Plaintiffs, John Harrison and Robert Harrison, instituted this suit on October 12, 1983. Plaintiffs alleged that on or about March 7, 1983 at approximately 7:00 p.m., they were driving eastward on Interstate 20 in Shreveport, Louisiana in a 1982 Chevrolet pickup truck owned by plaintiff, John Harrison. Robert Harrison was driving and John Harrison was a passenger. Plaintiffs alleged that as they rounded a curve in the inside lane of the highway, they encountered several large bags of phosphate which were obstructing the lane of traffic. They alleged that they were unable to avoid a collision with the obstruction despite protective actions. After striking the bags, the plaintiffs' vehicle careened into a concrete safety wall, flipped over the wall and then crashed onto the surface of another street approximately twenty feet below the interstate. Plaintiffs alleged that diligent efforts to identify the owner of the phosphate bags had been unsuccessful and that the sole, proximate cause of the accident and the resulting personal injuries to the plaintiffs were the fault and negligence of an unknown and/or uninsured motorist. Plaintiffs alleged that defendant, Commercial Union Insurance Company, had issued an automobile liability insurance policy which was in effect at the time of the accident and which provided uninsured motorist coverage to plaintiffs. Plaintiffs averred that under the terms and conditions of the uninsured motorist insurance policy, defendant was obligated to indemnify them for the damages they sustained from the negligent ownership, maintenance and use of the unknown and/or uninsured or underinsured vehicle.

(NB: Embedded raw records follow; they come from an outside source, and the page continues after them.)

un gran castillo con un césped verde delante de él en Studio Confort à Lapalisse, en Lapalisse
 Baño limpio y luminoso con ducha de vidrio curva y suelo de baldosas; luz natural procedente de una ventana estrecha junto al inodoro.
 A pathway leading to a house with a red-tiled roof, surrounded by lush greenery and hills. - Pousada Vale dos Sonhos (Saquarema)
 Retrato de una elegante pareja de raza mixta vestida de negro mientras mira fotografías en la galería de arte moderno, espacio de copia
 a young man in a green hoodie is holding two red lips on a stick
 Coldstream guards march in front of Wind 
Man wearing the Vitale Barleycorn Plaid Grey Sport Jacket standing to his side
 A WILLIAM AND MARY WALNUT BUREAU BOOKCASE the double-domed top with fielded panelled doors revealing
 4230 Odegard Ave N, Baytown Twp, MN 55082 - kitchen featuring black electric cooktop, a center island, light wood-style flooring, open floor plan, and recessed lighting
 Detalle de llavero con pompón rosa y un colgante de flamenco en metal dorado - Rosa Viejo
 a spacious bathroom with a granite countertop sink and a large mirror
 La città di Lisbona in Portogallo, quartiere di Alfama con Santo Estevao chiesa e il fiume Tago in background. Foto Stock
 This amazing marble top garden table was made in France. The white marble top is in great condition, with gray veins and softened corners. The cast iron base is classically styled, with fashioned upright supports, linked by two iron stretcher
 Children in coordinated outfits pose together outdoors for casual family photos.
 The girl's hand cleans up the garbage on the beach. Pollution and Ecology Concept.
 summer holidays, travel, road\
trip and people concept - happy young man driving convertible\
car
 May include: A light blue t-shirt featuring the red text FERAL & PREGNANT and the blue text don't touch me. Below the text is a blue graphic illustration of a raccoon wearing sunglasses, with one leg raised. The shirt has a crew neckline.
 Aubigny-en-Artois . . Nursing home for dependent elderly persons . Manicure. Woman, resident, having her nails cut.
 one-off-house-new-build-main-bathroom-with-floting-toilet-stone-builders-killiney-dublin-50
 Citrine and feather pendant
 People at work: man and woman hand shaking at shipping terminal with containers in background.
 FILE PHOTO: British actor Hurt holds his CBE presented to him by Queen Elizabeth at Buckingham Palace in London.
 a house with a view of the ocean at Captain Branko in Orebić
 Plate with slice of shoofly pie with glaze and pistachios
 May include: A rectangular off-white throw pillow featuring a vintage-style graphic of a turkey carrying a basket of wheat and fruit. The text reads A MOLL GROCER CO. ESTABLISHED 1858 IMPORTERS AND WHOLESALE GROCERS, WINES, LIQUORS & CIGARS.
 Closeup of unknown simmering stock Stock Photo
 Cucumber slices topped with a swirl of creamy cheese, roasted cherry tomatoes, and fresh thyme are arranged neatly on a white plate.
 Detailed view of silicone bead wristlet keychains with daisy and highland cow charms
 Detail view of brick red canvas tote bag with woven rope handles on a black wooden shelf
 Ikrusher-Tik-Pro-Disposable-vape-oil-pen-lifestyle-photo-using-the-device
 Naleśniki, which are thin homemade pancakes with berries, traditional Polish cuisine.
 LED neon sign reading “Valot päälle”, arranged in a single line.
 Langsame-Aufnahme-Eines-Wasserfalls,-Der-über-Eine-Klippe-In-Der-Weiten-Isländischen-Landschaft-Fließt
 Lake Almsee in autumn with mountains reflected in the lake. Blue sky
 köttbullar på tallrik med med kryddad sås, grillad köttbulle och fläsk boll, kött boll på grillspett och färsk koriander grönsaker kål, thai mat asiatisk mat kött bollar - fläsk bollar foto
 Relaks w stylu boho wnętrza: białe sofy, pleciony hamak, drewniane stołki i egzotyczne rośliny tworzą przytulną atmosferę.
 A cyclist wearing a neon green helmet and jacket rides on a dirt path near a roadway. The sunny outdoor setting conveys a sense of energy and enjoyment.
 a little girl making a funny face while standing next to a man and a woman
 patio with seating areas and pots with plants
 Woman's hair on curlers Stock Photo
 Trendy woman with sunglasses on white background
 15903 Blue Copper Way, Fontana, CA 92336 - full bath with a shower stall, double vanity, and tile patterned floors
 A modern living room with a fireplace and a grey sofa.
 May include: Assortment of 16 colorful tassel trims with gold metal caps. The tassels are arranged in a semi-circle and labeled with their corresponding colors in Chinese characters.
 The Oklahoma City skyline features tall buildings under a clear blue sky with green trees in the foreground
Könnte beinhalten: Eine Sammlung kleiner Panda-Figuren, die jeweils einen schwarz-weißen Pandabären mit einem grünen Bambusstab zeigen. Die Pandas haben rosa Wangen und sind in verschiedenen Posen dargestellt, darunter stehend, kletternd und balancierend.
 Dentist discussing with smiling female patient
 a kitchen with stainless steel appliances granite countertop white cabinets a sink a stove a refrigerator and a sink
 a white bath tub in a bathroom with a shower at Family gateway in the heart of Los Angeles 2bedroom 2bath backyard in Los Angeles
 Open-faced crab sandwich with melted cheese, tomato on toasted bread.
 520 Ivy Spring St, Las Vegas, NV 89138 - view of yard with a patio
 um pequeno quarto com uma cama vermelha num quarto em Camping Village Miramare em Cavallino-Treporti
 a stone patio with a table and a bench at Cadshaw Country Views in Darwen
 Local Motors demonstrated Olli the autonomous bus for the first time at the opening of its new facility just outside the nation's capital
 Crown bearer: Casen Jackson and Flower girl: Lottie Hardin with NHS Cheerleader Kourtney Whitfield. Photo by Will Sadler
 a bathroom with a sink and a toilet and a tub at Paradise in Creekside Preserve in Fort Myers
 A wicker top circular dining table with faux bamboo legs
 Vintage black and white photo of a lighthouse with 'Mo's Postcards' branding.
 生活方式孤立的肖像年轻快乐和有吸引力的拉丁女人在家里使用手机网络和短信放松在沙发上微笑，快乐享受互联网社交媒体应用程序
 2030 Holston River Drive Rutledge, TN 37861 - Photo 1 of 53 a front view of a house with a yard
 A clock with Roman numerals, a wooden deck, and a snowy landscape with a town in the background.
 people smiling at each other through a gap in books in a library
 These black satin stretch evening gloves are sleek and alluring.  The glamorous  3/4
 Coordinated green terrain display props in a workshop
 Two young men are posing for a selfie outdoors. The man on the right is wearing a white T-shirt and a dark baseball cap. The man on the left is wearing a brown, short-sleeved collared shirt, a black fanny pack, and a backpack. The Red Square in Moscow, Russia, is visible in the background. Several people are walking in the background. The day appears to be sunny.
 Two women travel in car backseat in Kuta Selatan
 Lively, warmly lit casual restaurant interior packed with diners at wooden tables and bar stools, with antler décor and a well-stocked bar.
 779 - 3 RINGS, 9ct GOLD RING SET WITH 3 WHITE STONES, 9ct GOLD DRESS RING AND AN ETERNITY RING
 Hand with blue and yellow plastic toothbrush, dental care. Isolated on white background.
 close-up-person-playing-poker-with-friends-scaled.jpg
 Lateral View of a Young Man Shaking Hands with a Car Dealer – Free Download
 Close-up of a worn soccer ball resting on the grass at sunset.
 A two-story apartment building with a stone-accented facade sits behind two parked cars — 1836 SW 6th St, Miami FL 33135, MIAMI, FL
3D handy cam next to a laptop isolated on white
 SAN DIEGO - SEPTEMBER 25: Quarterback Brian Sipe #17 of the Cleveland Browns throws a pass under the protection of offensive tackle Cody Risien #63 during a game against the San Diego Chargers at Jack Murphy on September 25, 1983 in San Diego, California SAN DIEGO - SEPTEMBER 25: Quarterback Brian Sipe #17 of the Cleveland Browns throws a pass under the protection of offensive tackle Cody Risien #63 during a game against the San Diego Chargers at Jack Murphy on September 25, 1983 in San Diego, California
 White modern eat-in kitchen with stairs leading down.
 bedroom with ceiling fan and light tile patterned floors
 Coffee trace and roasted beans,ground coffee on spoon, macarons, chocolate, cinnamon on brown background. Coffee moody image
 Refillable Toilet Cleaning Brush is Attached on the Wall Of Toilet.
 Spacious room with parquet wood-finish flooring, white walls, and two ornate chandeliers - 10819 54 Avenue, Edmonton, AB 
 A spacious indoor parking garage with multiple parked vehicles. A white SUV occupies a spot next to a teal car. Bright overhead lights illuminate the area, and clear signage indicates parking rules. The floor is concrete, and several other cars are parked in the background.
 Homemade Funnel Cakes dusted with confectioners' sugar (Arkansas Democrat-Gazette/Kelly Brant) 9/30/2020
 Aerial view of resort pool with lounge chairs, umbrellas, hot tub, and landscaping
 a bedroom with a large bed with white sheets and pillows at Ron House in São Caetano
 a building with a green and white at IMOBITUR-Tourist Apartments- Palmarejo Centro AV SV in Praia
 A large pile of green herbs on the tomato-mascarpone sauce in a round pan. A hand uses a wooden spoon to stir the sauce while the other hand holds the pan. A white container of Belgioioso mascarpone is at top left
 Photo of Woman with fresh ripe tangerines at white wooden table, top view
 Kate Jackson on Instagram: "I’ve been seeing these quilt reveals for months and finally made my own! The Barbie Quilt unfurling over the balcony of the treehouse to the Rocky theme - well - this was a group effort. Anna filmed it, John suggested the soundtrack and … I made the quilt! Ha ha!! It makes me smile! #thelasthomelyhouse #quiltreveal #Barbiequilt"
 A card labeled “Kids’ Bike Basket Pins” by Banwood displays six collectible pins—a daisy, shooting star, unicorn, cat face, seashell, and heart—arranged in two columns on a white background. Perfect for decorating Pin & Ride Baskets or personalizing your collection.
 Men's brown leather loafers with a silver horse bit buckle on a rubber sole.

Defendant filed a motion for summary judgment on July 2, 1984, alleging that the uninsured motorist provisions of the policy requires that there be physical contact between the unidentified hit and run vehicle and the person or vehicle insured under the policy and that the plaintiffs' original petition made no allegations of contact between the plaintiffs' vehicle and a hit and run vehicle.
The trial court granted the defendant's motion finding that the plaintiffs had not established that the bags with which they had collided fell from any vehicle whatsoever or that the vehicle from which the bags fell was uninsured or underinsured. Further, plaintiffs failed to establish that any contact was made between their vehicle and the vehicle from which the bags might have fallen. Therefore, the injuries sustained by the plaintiffs were excluded from coverage under the provisions of the uninsured motorist policy.
On appeal, the sole issue before this court is whether the trial court erred in finding that physical contact with the hit and run vehicle is necessary for coverage under the provisions of the uninsured motorists insurance policy.
Plaintiffs essentially argue that the physical contact requirement of the policy is satisfied when there is contact between the insured vehicle and some part, appurtenance or cargo of the hit and run vehicle. Therefore, the collision of the insured vehicle with the phosphate bags, which most probably fell from a vehicle onto the highway, would fall within the coverage of the uninsured motorist policy.
A review of the pertinent jurisprudence reveals that the trial court did not err in granting defendant's motion for a summary judgment due to the lack of physical contact between the insured vehicle and the hit and run vehicle.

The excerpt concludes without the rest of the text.